Hey, i’m a software developer and i’m considering trying to build a site using ActivityPub, but i have a few concerns about it. My first concern is that if the platform is open source someone can host a malicious version of it, where certain requests may be ignored (such as deletion).

This leads into my next concern which is GDPR, because now i can’t be certain that a users data gets deleted upon their request and i’m not certain whether i would be liable since my instance federates with the malicious instance (which may also not be hosted in the EU which is itself problematic, and even if i’m not liable it’s still not great).

I considered if it was viable to make the platform invite based somehow, so that it doesn’t federate with everything by default, but that also sort of defeats the purpose of using ActivityPub.

The loss of control over content is also something that i don’t particularly like, since some people may use their own instance for harassment or something else gross, but i guess that wouldn’t be my problem since i just wrote the code and wouldn’t have anything to do with the hosting of such sites.

i’d appreciate any feedback since i think the technology and the fediverse is very interesting, i would definitely like to try it out, but i’m not sure how to go about these challenges.

  • SkyNTP@lemmy.ml
    link
    fedilink
    English
    arrow-up
    6
    ·
    edit-2
    1 year ago

    My first concern is that if the platform is open source someone can host a malicious version of it, where certain requests may be ignored (such as deletion).

    Just so you know, this is not a fefiverse specific issue. Third party websites have cropped up to scrape sites like Reddit and post archived versions of undeleted posts for decades. I’m not sure your concern relates to the fefiverse at all.

    • shagie@programming.dev
      link
      fedilink
      English
      arrow-up
      4
      ·
      1 year ago

      For one of the OG federated systems, 3rd party Usenet news cancellations were a thing that was dealt with back then too. Many sites not honoring deletion at all to try to stay out of the fray of different groups trying to censor each other (e.g. entities in China trying to cancel any post mentioning Taiwan). It was far easier to not honor deletion at all (or only from trusted spam canceling entities).

      This also touches on the “if deletion is honored, what stops a 3rd party from spoofing a deletion request of your content?”

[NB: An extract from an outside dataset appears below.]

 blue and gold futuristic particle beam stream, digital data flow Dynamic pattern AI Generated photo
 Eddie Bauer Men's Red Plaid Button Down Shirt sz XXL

      For a current instance of Usenet news and their cancel and supersede policy: https://www.eternal-september.org/index.php?showpage=faq#cancellock

      In general, our server does not execute Cancels and Supersedes. An article stored on our server can neither be deleted by a Cancel nor be overwritten by a Supersedes which means that an article deleted by a Cancel message on other servers is still available on our server (article is not deleted) and an article overwritten by a Supersedes elsewhere is available on our server in more than one instance (different versions of the article are not replaced).